┌──
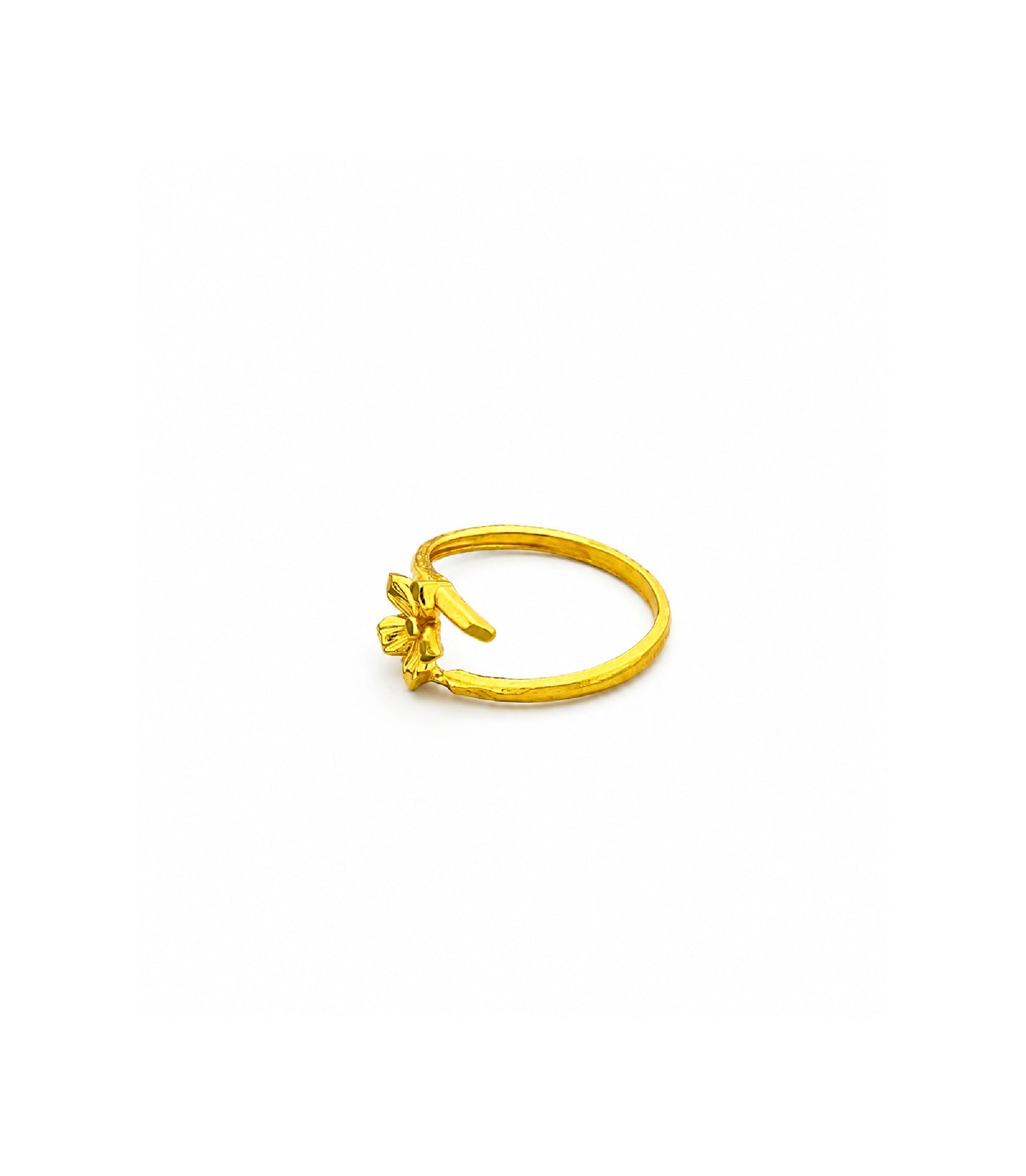 Gold Plated Floral Blossom Adjustable Finger Ring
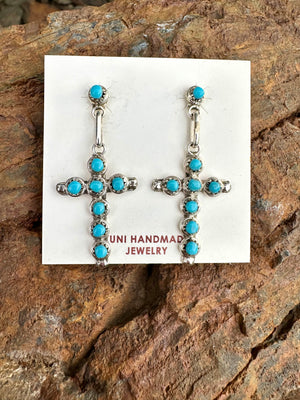 Zuni Kingman Turquoise Cross Earring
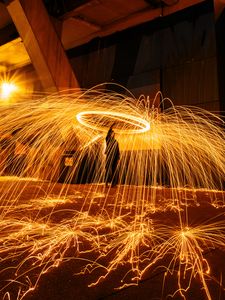 Preview wallpaper light, sparks, rotation, freezelight, long exposure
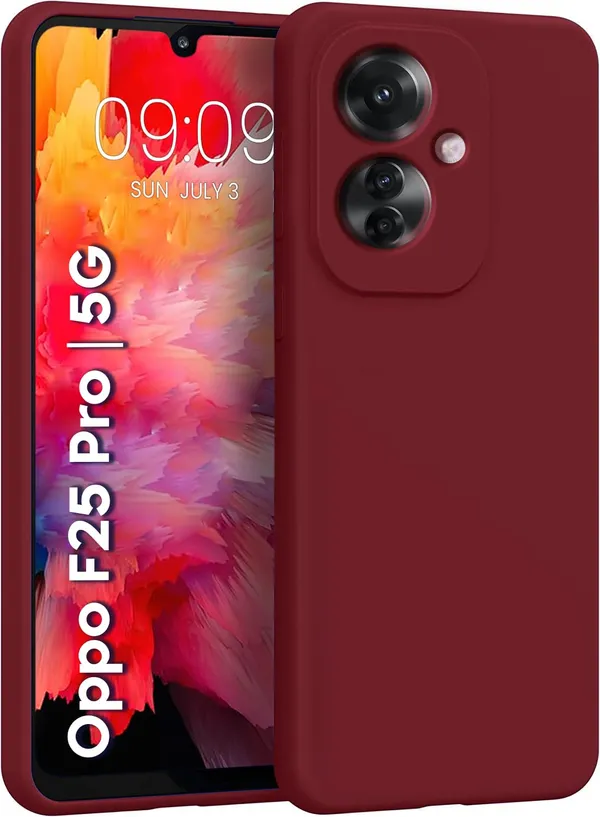 TRUEUPGRADE_Compatible_with_Oppo_F25_Pro_5G_Back_Cover_Case,_Liquid_Silicone_Cover,_Full_Body_Protective_Cover,_Shockproof,_Slim_Phone_Cover,_Anti-Scratch_Soft_Microfiber_Lining_-_Wine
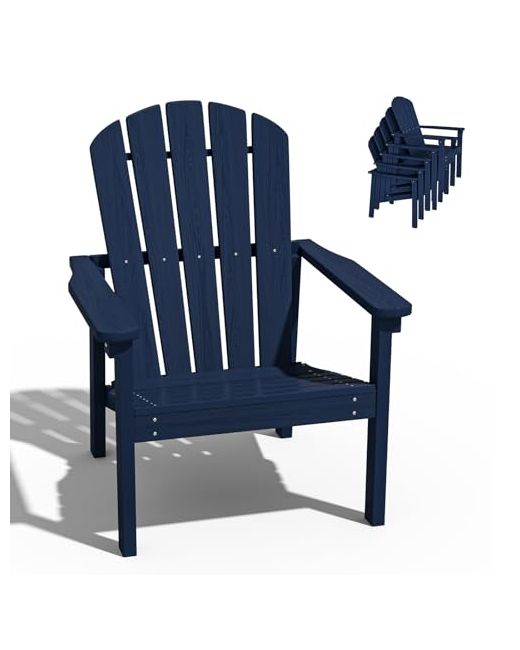 Nevilywood  Gray Stackable Adirondack Chair All-Weather Hdpe Outdoor Patio Durable And Space Saving Design For Easy Storage Ideal Porch Lawn Or Garden-Grey Grey Classic1pc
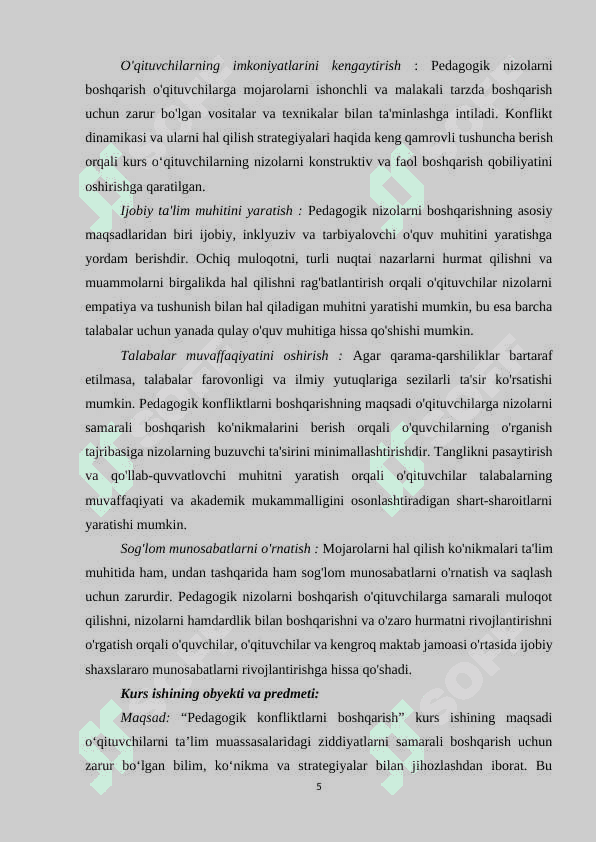 PEDOGOGIK NIZOLARNI BOSHQARISH 5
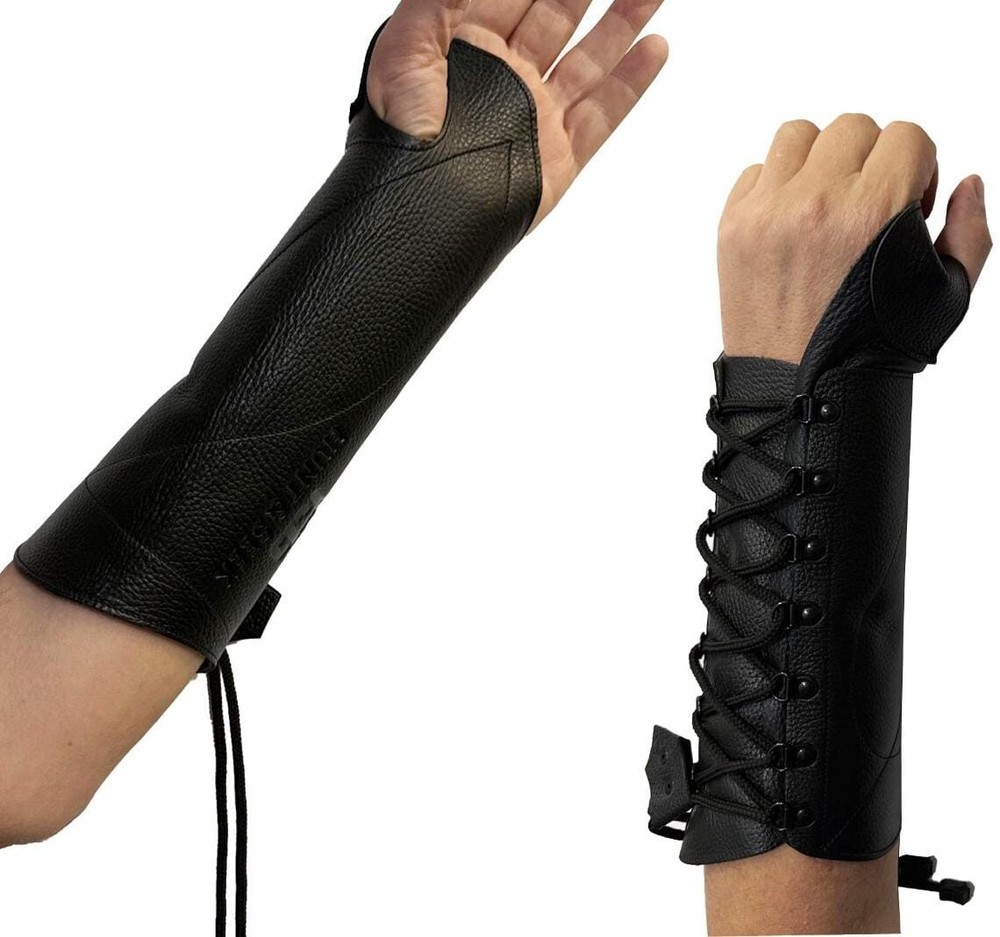 Handmade Full Length Leather Archery Forearm Guard Adjustable Protective Unisex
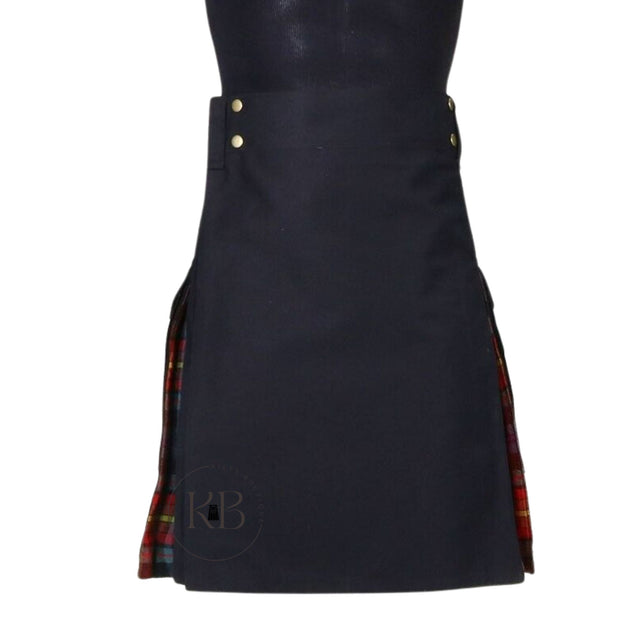 LGBT+ Pride Hybrid Black Canvas and Tartan Utility Kilt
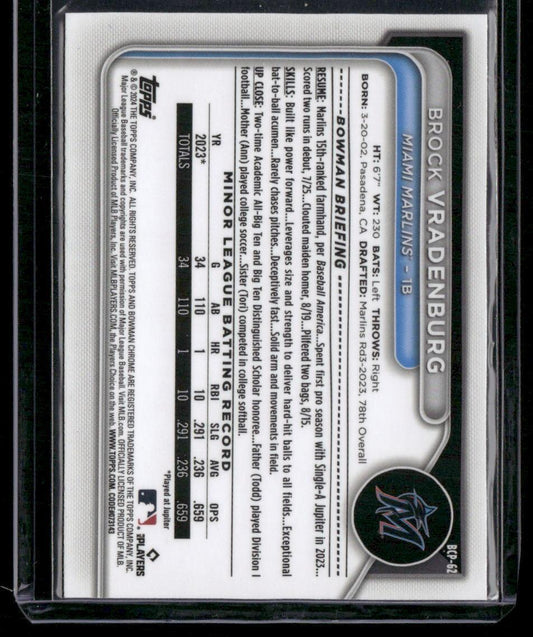 2024 Bowman Chrome Sapphire #BCP-62 Brock Vradenburg Prospects
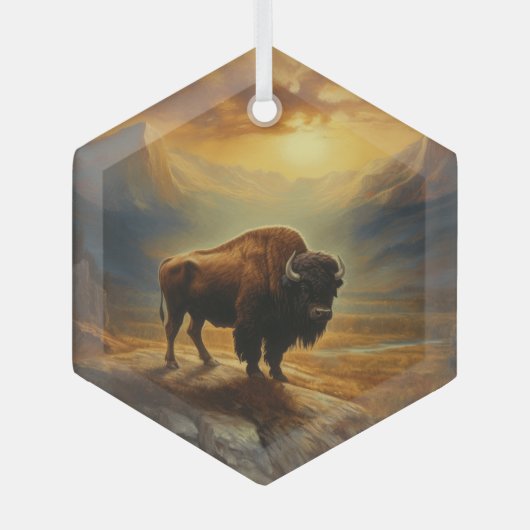 Buffalo Bison Sunset Silhouet Glas Ornament (Voorkant)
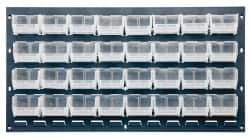 Quantum Storage - 32 Bin Bench Rack with Ultra Bins - 36 Inch Overall Width x 8 Inch Overall Depth x 19 Inch Overall Height, Clear Tri-Clear Polypropylene Bins - Eagle Tool & Supply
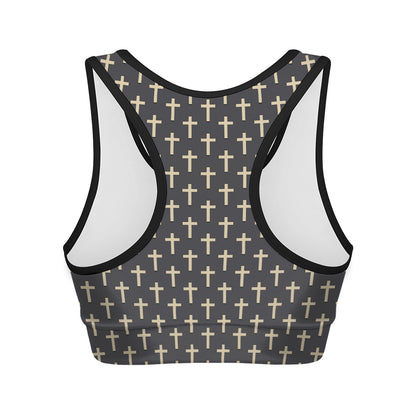 Christian Cross Pattern Print Women's Sports Bra
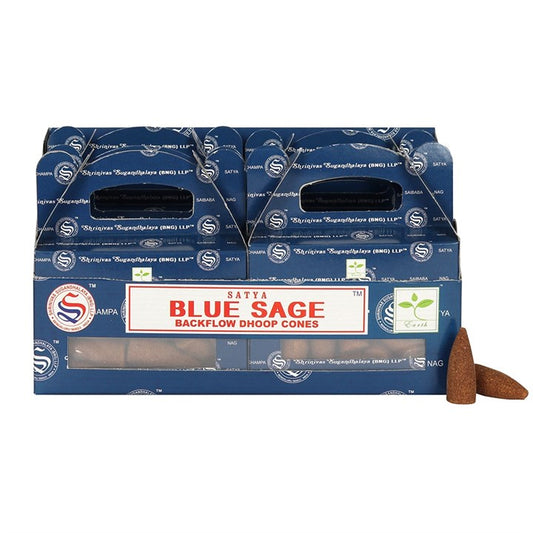 Blue Sage Backflow Incense Dhoop Cones by Satya (Box of 6 individual packs)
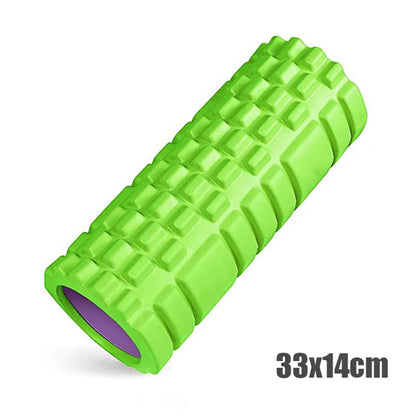 Xlyft 33cm green foam yoga massage roller with textured grid surface for muscle recovery and back training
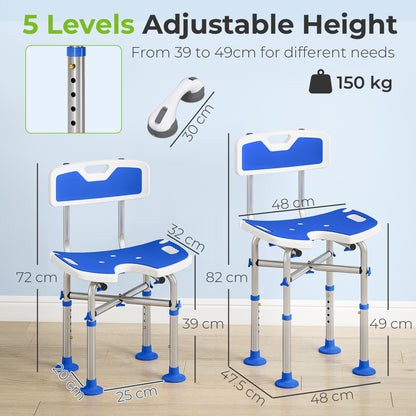 Shower Chair with U-Shaped Cutout, Height Adjustable Bath Bench, Padded Shower Stool for Elderly, Senior, Disabled, Blue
└──
[Directions]: When you retype the material above, keep every word exact and drop the images.

[Exercise answer]:
 Gold Plated Floral Blossom Adjustable Finger Ring
 Zuni Kingman Turquoise Cross Earring
 Preview wallpaper light, sparks, rotation, freezelight, long exposure
 TRUEUPGRADE_Compatible_with_Oppo_F25_Pro_5G_Back_Cover_Case,_Liquid_Silicone_Cover,_Full_Body_Protective_Cover,_Shockproof,_Slim_Phone_Cover,_Anti-Scratch_Soft_Microfiber_Lining_-_Wine
 Nevilywood  Gray Stackable Adirondack Chair All-Weather Hdpe Outdoor Patio Durable And Space Saving Design For Easy Storage Ideal Porch Lawn Or Garden-Grey Grey Classic1pc
 PEDOGOGIK NIZOLARNI BOSHQARISH 5
 Handmade Full Length Leather Archery Forearm Guard Adjustable Protective Unisex
 LGBT+ Pride Hybrid Black Canvas and Tartan Utility Kilt
 2024 Bowman Chrome Sapphire #BCP-62 Brock Vradenburg Prospects
 Buffalo Bison Sunset Silhouet Glas Ornament (Voorkant)
 Quantum Storage - 32 Bin Bench Rack with Ultra Bins - 36 Inch Overall Width x 8 Inch Overall Depth x 19 Inch Overall Height, Clear Tri-Clear Polypropylene Bins - Eagle Tool & Supply
 Christian Cross Pattern Print Women's Sports Bra
 Blue Sage Backflow Incense Dhoop Cones by Satya (Box of 6 individual packs)
 Xlyft 33cm green foam yoga massage roller with textured grid surface for muscle recovery and back training
 Shower Chair with U-Shaped Cutout, Height Adjustable Bath Bench, Padded Shower Stool for Elderly, Senior, Disabled, Blue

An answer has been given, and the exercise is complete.